One idea I had would be to re-compute the log-rank test p-value, ignoring all events that happened before some time $t$ in the intervention and control groups (left-censoring the time-to-event data). Repeating this process for a range of $t$ values, I could determine the minimum value $t$ beyond which there's no significant intervention effect.
I was wondering if there were more standard approaches to determining a time $t$ beyond which an intervention has no detectable effect on the time to event.
 A: Given that you seem to have a panel of individuals who you follow over time of which some are treated and others are not you could run a difference in difference analysis. You could run a regression like
$$y_{it} = \beta_1 (\text{treat}_{i}) + \beta_2 (\text{intervention}_t) + \beta_3 (\text{treat}_{i} \cdot \text{intervention}_t) + \epsilon_{it}$$
where $\text{treat}_{i}$ is a dummy for whether individual $i$ is in the treatment group, $\text{intervention}_t$ is a dummy for the post-treatment period, and the interaction between the two captures the treatment effect in $\beta_3$.
If you now want to estimate the fading out time, estimate instead
$$y_{it} = \sum^m_{\gamma = 0} \beta_{-\gamma}(\text{treatment}_{it}) + \eta_{it}$$
where $\text{treatment}_{it}$ is a dummy variable which equals one if individual $i$ is in the treatment group AND time $t$ is at or after the treatment date.

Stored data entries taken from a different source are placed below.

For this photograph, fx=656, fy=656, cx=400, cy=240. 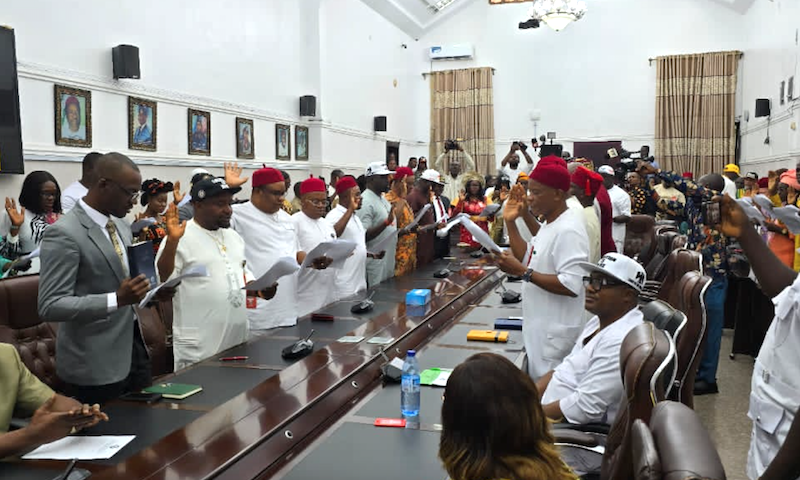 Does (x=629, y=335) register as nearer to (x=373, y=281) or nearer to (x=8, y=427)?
(x=8, y=427)

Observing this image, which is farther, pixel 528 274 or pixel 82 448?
pixel 528 274

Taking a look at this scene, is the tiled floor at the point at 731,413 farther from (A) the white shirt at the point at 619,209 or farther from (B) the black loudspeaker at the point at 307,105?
(B) the black loudspeaker at the point at 307,105

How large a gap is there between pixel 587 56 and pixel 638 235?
860cm

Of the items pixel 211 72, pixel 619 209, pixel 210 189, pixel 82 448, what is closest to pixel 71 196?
pixel 210 189

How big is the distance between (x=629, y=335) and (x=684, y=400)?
882 millimetres

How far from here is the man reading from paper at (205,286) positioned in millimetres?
2965

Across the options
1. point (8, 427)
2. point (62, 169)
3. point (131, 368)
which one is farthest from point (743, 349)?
point (62, 169)

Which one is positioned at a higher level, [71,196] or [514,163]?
[514,163]

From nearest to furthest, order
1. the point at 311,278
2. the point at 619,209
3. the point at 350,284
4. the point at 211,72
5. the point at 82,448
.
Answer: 1. the point at 82,448
2. the point at 311,278
3. the point at 350,284
4. the point at 619,209
5. the point at 211,72

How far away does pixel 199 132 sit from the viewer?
24.6 feet

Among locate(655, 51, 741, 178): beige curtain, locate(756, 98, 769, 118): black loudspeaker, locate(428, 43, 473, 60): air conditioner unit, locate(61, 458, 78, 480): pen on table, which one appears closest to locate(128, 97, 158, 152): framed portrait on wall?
locate(61, 458, 78, 480): pen on table

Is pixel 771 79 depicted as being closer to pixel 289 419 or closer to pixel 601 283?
pixel 601 283

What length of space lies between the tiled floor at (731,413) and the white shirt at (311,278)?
2.40m

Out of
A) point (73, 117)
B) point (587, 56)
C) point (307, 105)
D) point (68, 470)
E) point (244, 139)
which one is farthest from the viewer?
point (587, 56) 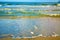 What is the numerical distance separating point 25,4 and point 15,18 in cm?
30

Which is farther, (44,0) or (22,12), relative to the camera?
(22,12)

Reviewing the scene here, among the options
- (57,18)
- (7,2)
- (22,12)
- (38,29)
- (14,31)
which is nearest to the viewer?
(14,31)

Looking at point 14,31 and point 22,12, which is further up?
point 22,12

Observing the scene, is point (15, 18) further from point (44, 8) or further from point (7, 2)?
point (44, 8)

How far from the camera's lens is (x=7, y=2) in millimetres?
1735

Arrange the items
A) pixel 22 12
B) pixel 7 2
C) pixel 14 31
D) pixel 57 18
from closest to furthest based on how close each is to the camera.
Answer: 1. pixel 14 31
2. pixel 7 2
3. pixel 22 12
4. pixel 57 18

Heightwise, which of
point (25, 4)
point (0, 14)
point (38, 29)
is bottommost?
point (38, 29)

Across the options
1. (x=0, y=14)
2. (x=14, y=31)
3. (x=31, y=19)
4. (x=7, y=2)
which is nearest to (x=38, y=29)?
(x=14, y=31)

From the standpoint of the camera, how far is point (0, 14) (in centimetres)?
193

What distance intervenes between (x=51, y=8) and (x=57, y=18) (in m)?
0.22

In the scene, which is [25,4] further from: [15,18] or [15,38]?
[15,38]

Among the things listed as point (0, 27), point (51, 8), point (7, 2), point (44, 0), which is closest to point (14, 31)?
point (0, 27)

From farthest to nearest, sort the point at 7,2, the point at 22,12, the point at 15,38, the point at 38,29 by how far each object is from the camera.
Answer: the point at 22,12, the point at 7,2, the point at 38,29, the point at 15,38

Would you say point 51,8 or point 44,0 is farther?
point 51,8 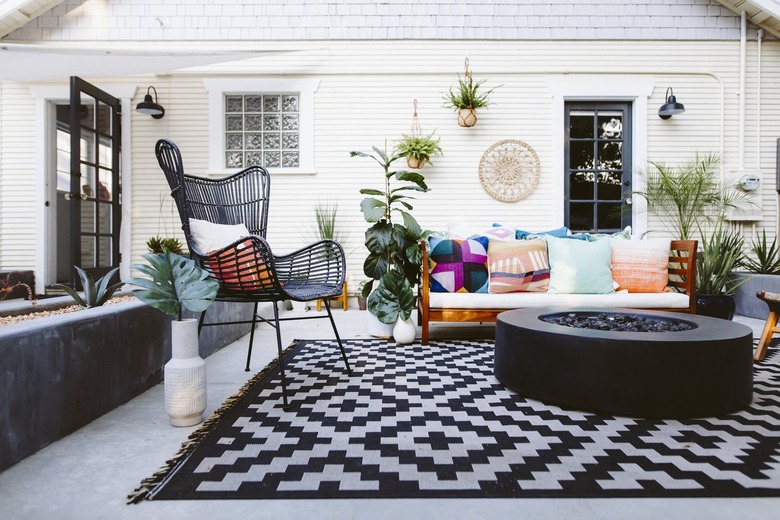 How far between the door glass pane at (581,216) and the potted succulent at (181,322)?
Result: 4.71m

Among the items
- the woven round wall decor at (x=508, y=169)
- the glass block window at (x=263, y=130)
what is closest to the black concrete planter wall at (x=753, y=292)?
the woven round wall decor at (x=508, y=169)

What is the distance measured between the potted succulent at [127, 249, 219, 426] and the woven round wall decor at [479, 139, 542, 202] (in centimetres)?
413

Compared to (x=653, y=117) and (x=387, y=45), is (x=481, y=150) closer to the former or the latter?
(x=387, y=45)

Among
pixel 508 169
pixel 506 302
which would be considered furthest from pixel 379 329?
pixel 508 169

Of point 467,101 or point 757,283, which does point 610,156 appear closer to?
point 467,101

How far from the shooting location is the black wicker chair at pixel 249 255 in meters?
2.11

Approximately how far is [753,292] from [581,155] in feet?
7.24

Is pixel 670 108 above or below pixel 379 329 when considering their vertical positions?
above

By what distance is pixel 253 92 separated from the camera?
537cm

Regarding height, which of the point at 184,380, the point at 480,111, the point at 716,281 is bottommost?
the point at 184,380

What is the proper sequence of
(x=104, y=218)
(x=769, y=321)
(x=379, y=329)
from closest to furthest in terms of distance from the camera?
(x=769, y=321), (x=379, y=329), (x=104, y=218)

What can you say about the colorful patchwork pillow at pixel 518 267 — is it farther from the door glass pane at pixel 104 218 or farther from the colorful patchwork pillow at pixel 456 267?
the door glass pane at pixel 104 218

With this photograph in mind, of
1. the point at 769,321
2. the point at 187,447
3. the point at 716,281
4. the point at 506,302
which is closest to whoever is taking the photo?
the point at 187,447

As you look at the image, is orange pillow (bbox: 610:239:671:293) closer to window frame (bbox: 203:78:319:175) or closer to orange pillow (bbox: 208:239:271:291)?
orange pillow (bbox: 208:239:271:291) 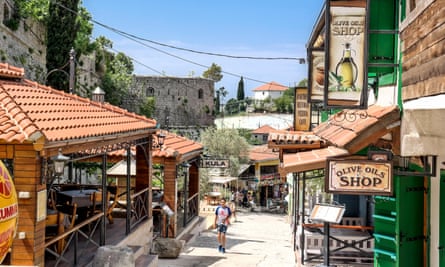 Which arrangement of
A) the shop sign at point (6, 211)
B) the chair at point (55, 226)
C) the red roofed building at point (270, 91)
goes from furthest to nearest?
the red roofed building at point (270, 91)
the chair at point (55, 226)
the shop sign at point (6, 211)

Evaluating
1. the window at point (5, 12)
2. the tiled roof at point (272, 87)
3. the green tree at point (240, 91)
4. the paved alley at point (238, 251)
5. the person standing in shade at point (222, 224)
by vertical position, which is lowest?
the paved alley at point (238, 251)

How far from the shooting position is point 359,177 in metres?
6.11

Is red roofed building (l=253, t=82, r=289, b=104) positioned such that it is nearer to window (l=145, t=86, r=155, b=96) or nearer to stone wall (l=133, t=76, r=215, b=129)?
stone wall (l=133, t=76, r=215, b=129)

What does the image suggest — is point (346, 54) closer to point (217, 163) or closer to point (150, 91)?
point (217, 163)

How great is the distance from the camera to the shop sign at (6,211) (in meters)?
4.13

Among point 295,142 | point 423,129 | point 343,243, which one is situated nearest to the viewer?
point 423,129

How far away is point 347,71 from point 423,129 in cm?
137

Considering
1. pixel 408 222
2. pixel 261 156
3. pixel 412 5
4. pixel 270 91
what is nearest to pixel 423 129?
pixel 412 5

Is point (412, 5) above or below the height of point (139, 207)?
above

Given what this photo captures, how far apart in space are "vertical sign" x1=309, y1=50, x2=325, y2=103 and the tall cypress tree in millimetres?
20813

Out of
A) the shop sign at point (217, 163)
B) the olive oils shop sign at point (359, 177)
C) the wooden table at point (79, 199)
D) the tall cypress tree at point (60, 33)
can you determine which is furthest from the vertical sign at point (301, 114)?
the tall cypress tree at point (60, 33)

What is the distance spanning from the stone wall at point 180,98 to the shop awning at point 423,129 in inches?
2098

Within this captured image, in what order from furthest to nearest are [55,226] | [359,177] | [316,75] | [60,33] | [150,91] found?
[150,91] → [60,33] → [55,226] → [316,75] → [359,177]

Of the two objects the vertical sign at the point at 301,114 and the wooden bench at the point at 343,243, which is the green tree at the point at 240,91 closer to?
the vertical sign at the point at 301,114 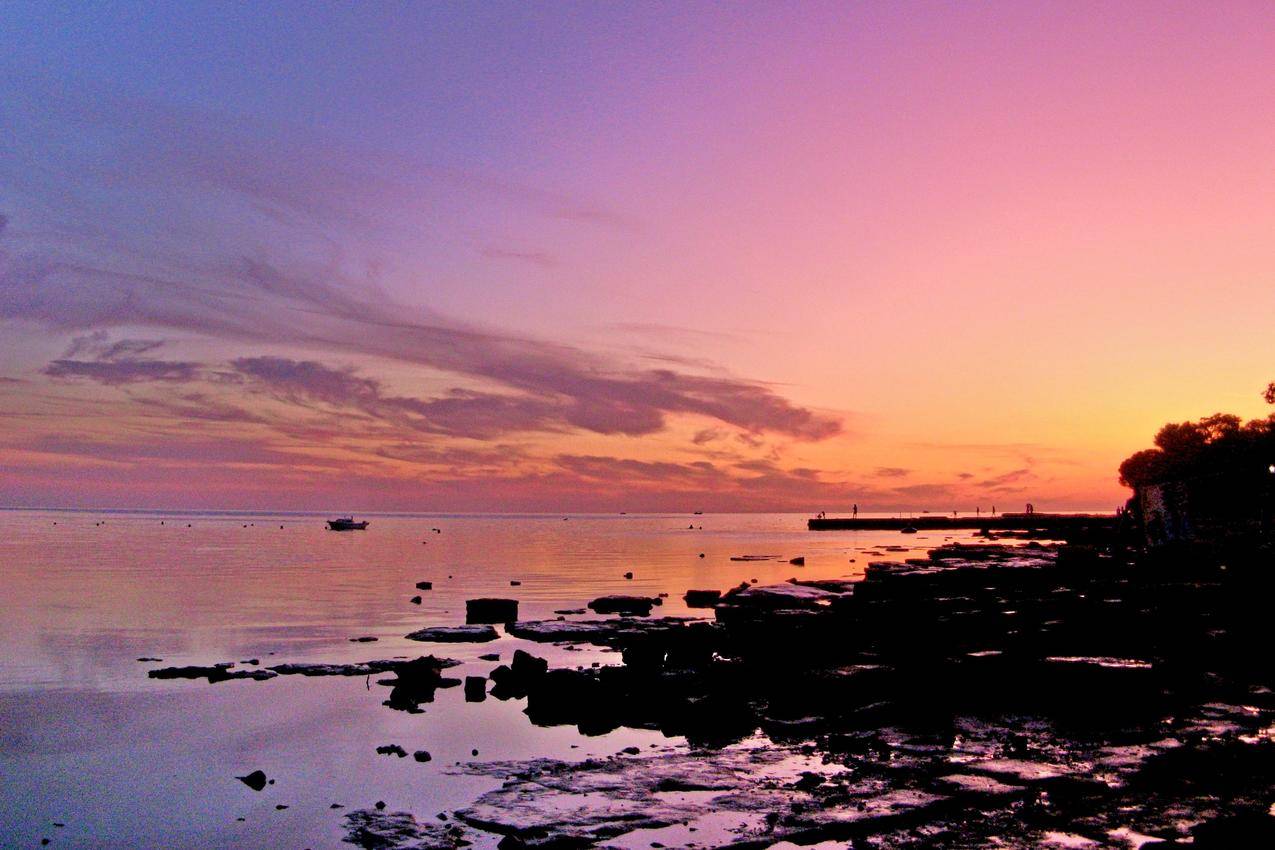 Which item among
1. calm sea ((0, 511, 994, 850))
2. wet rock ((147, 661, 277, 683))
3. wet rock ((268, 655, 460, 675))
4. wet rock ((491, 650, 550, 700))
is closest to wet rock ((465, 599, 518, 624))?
calm sea ((0, 511, 994, 850))

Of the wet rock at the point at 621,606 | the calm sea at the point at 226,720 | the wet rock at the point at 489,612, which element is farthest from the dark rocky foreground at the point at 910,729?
the wet rock at the point at 621,606

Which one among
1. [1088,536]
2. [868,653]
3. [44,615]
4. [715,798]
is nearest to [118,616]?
[44,615]

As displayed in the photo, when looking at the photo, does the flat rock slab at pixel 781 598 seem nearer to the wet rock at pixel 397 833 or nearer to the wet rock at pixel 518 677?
the wet rock at pixel 518 677

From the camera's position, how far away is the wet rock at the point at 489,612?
39438mm

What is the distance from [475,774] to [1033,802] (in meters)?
10.00

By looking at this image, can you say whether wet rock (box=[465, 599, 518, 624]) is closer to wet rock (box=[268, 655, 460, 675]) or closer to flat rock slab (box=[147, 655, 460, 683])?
wet rock (box=[268, 655, 460, 675])

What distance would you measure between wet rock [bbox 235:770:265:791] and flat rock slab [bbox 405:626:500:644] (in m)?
16.4

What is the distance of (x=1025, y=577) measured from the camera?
52719 mm

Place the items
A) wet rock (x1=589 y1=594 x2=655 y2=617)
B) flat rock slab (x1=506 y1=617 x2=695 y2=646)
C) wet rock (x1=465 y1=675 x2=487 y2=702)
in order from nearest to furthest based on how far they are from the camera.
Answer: wet rock (x1=465 y1=675 x2=487 y2=702) → flat rock slab (x1=506 y1=617 x2=695 y2=646) → wet rock (x1=589 y1=594 x2=655 y2=617)

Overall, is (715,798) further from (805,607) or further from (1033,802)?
(805,607)

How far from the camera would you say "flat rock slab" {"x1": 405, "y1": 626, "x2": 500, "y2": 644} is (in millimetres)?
34344

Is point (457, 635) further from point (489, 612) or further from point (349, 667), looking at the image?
point (349, 667)

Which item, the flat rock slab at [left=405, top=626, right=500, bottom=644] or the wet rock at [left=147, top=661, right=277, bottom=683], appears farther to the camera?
the flat rock slab at [left=405, top=626, right=500, bottom=644]

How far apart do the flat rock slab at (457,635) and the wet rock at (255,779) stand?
1641 centimetres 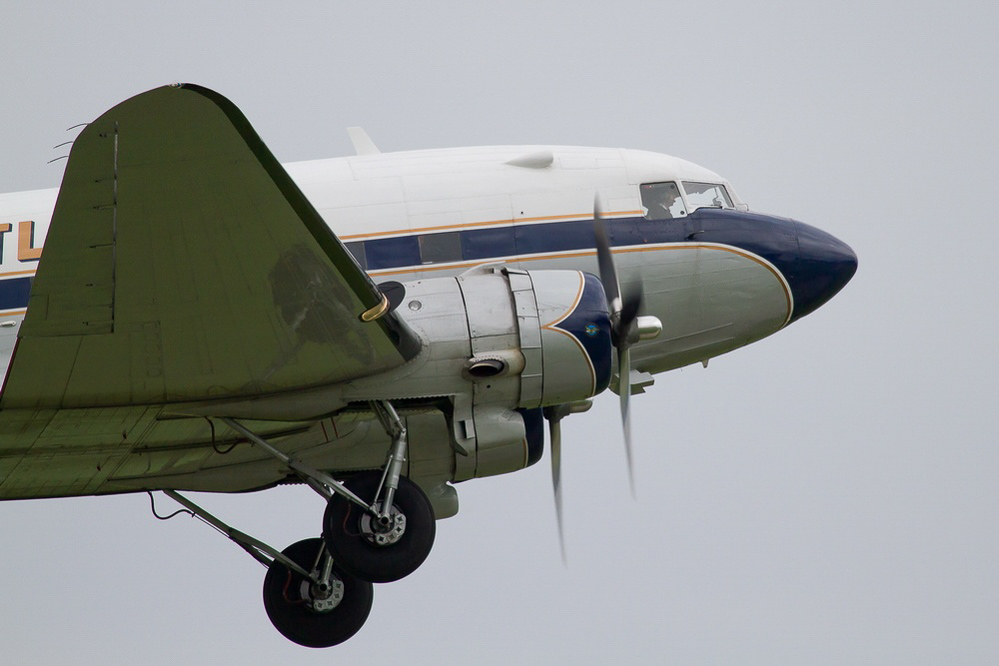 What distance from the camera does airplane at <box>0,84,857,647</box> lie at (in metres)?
9.35

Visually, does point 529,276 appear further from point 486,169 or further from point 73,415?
point 73,415

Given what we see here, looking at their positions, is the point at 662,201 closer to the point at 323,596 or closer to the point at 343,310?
the point at 343,310

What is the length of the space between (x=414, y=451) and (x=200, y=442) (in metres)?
1.89

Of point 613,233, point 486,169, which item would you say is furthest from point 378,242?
point 613,233

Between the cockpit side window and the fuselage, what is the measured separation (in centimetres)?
1

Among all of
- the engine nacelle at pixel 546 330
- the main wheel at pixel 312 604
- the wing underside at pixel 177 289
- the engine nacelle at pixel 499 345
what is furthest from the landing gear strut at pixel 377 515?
the main wheel at pixel 312 604

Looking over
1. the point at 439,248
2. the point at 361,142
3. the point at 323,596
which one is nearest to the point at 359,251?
the point at 439,248

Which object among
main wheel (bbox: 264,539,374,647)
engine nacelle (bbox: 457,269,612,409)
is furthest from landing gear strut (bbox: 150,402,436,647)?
main wheel (bbox: 264,539,374,647)

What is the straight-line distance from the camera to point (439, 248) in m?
12.6

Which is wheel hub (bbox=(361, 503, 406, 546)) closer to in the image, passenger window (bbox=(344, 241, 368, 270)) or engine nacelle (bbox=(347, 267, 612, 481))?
engine nacelle (bbox=(347, 267, 612, 481))

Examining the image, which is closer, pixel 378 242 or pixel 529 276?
pixel 529 276

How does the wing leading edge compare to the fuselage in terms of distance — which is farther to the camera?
the fuselage

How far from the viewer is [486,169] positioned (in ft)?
43.0

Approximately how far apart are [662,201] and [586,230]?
41.7 inches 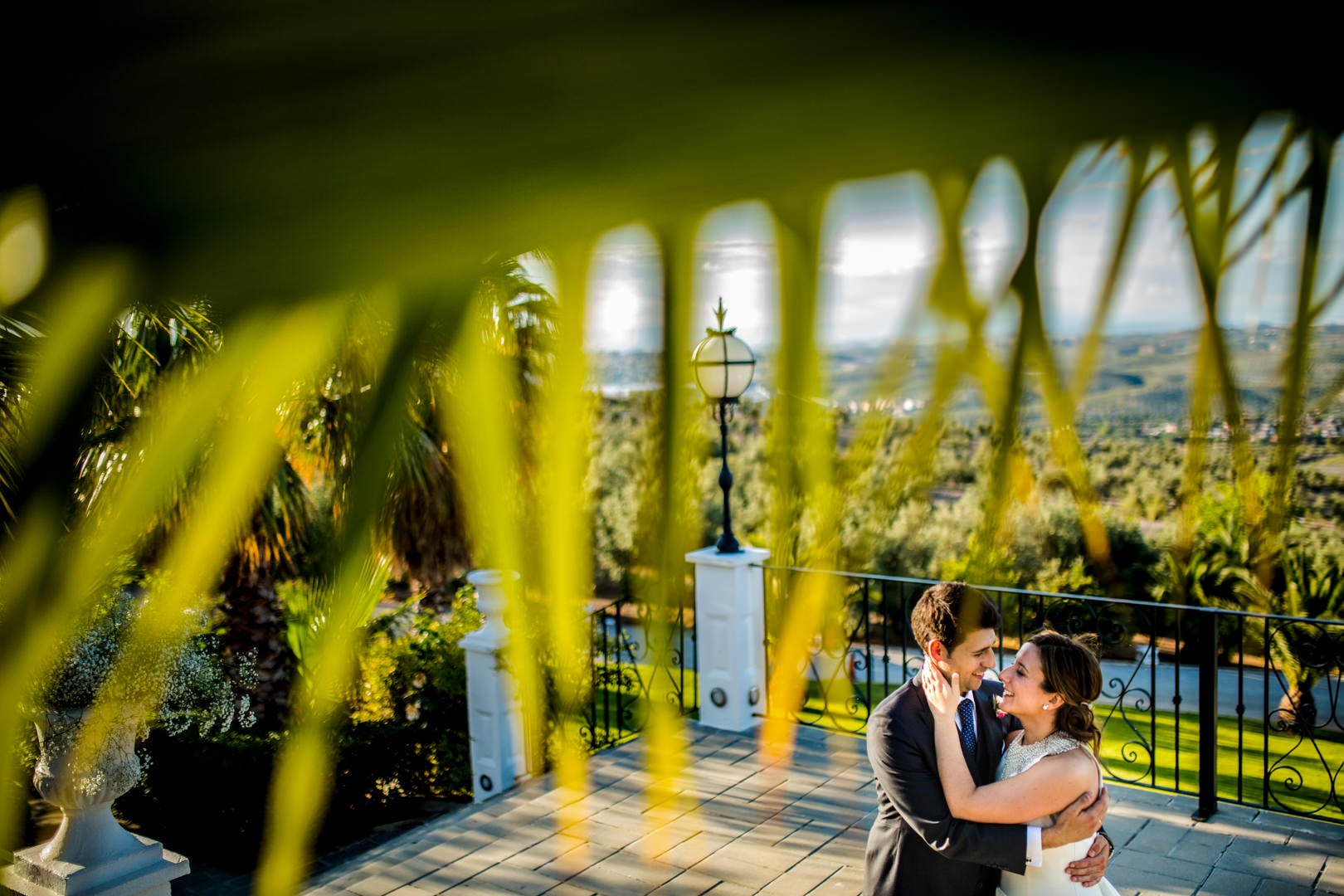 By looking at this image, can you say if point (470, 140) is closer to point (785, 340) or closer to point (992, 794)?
point (785, 340)

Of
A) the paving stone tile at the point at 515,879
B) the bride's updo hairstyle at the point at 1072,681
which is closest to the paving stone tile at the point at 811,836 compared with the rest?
the paving stone tile at the point at 515,879

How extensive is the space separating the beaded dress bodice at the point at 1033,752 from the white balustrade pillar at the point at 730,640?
3443mm

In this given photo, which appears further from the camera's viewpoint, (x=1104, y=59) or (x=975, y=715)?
(x=975, y=715)

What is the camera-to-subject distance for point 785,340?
467 mm

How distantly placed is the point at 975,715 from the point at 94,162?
2134 millimetres

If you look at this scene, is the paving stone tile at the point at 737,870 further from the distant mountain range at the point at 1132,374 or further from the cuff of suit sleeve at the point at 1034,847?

This estimates the first equation but with $m$ lags of the treatment for which you can choose the number of periods you have from the start of the treatment to the end of the sample period.
Then $\beta_0$ is the treatment effect at the intervention date, $\beta_1$ is the effect of the intervention at the first period after the intervention date, and so on. The nice thing about this approach is that


*

*it is easily implemented in any statistical software (you just need to create the dummies and run a regression)

*the $\beta_0, ..., \beta_m$ coefficients will have standard errors and confidence intervals which you can use to see the time (lag of the treatment) from when the intervention stops to have an effect

*the $\beta_0, ..., \beta_m$ coefficients will give you an estimate of the magnitude the intervention had in subsequent periods


If you also have additional control variables like characteristics of the study participants $X_{it}$ you can easily include them in the regression,
$$y_{it} = \sum^m_{\gamma = 0} \beta_{-\gamma}(\text{treatment}_{it}) + X'_{it}\rho + \eta_{it}$$
this will not affect the estimate of the intervention effect (because identification comes from the group differences between treatment and control groups) but it helps to reduce residual variance and therefore increases precision.
A: Intervention Detection http://www.unc.edu/~jbhill/tsay.pdf and elsewhere can be employed with or without a user-suggested intervention variable. In either case one needs to treat any auto-projective process that might be present i.e. the ARIMA structure. Identifying both the ARIMA structure and the response to any user-suggested variable and the "new intervention series" requires some trial and error as the search process/method is to identify if and when this waiting-to-be-discovered intervention arises. This search process can be solved/aided with software but one needs to confirm that the software incorporates any needed impact i.e. user-specified possible predictor series/variables including their lag structures and that the ARIMA process identification phase was not damaged/impacted by the intervention that is waiting-to-be-discovered which of course would have a deleterious effect. 
The length would be the difference between the point of the user-specified intervention variable ...if it existed OR the difference between the two identified Level Shift/Step Shift variables that were found/discovered/unmasked .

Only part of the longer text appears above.